PORTRAIT OF DONA MARIANA, QUEEN OF SPAIN AS A YOUNG WOMAN
    Attributed to Juan Battista Martinez del Mazo    Spanish  1613-1667
SN 337    Oil on Canvas        About 1652/53

by Robert Anderson

ARTIST
    This Spanish painter was a pupil of Velazquez who married his daughter in 1633 and who succeeded him as court painter in 1661. As Velazquez was promoted to higher offices by the King he pushed or pulled Mazo along with him. One of his very few signed works is a portrait of Queen Mariana. Many of the works attributed to him were formerly given to Velazquez, whose mature style he imitated with distinction.
    Various portraits of Mariana of Austria, by Mazo, were used as prototypes for later portraits of the Queen by other court painters, particularly Juan Carreno de Miranda.
    Mazo's landscape paintings with small figures are personal in style and his extraordinary ability in this genre was recognized by his contemporaries. He had great skill in the graceful depiction of the gestures and expressions of the figures in his landscapes.
    Mazo was known to have copied the works of other artists, particularly Rubens and Titian, with such a degree of perfection that, according to Palomino, it was almost impossible to distinguish the copies from the originals.

SUBJECT
    Mariana, Queen of Spain, was the daughter of the Emperor Ferdinand III and Mary of Hungary. At age fourteen (14) she became the second wife of King Philip IV of Spain (his first wife, Isabel of Bourbon having died in 1649). Philip had been left without an heir at forty-four, after his son Balthasar also died. Mariana bore Philip two sons: Philip Prosper, who died at the age of four (4) and the future Carlos Segundo, Charles II. She was known as a spendthrift whose extravagance added to the later financial woes of the country.
    Philip and Mariana's chldren were often portrayed by Velazquez, most famously in "Las Meninas", whose central figure, the Infanta Margarita strikingly resembles her mother.

PAINTING
    Mariana is seen here in a stance known as the "Royal Portrait Style". Age made no difference, all royal ladies stood in the same positioning. She is dressed in a black gown with silver ornamentation over which is seen a shawl decorated with pearls and medallions.
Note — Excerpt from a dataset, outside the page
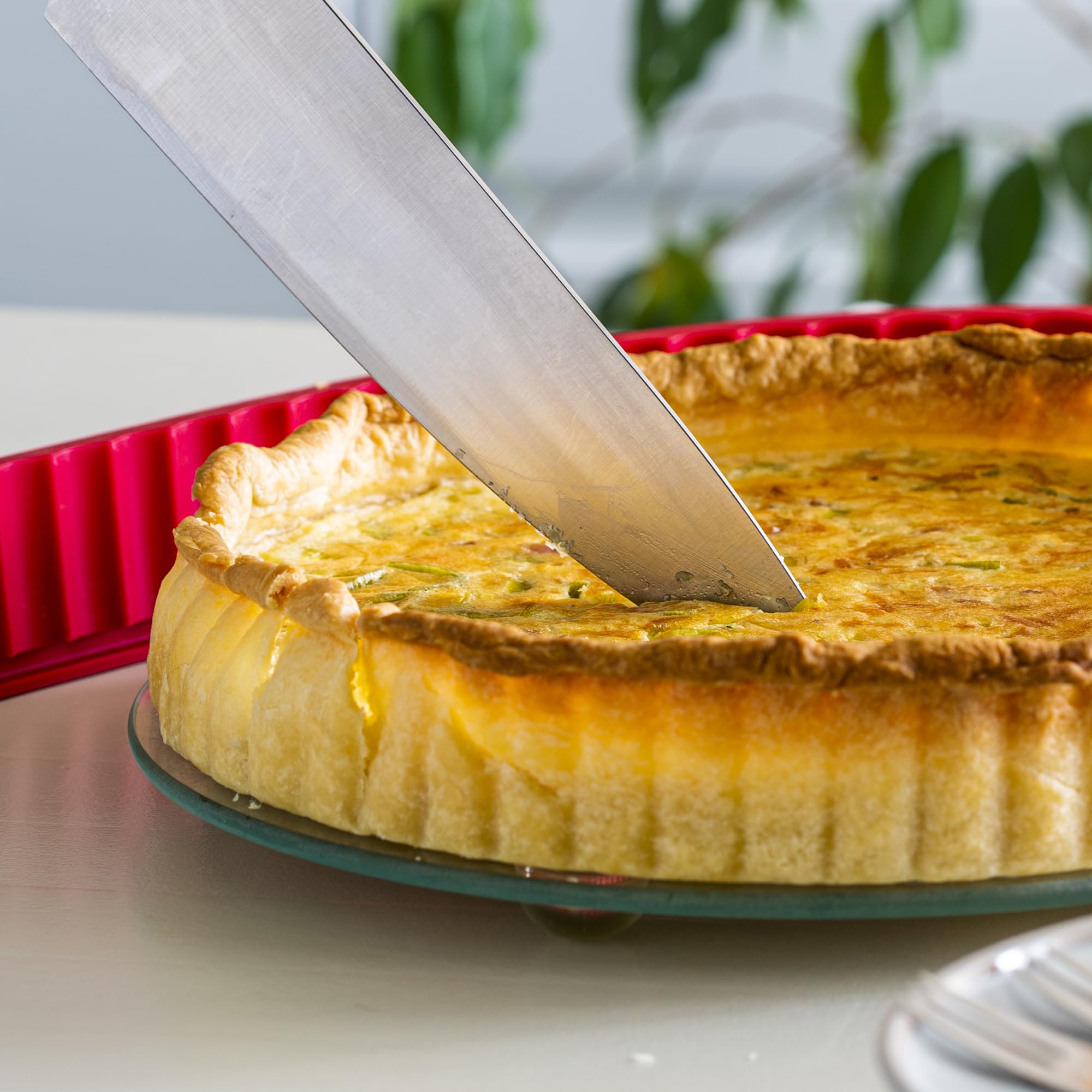 coox Quicheform mit Glasboden ⌀ 26 cm und Glasfüßen in Rot, perfekt backen und direkt auf dem Glasboden servieren und schneiden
Her right arm reaches out to a table while her left holds a large white kerchief. Mariana wears bracelets and rings on both hands and has an elaborate hairdo. Her young face has red cheeks but she looks rather haughty and petulant.

HISTORICAL CONTEXT
    Mariana became Queen at a time when Spain was at war with both Holland and France. Management of the country, its civil affairs and the management of the war effort, was left in the hands of one of Philip's ministers, Don Gaspar de Guzman the Count of Olivares. Philip, himself was much more interested in food, women, art and hunting. The arts flourished but the country was crushed by high taxes and the defeat on land and sea by France and Holland. After Philip's death in 1665, Mariana, as regent for her son Charles II, left the rule of the country in the hands first of her confessor Johannes Nithard, then under the control of her lover Fernando Valenzuela.
    Decadence became the order of the day. No great literary figure dignified the age, no great drama took the stage. The universities were languishing amid the general destitution. Charles the half-idiot son of Philip and Mariana assumed the government and presided helplessly over the debacle. The disintegration of Spain became a European tragedy and by 1700 the country was signed over to the Duke of Anjou, grandson of the French King. Charles died at the age of thirty-nine (39), the last of the Hapsburg rulers of Spain.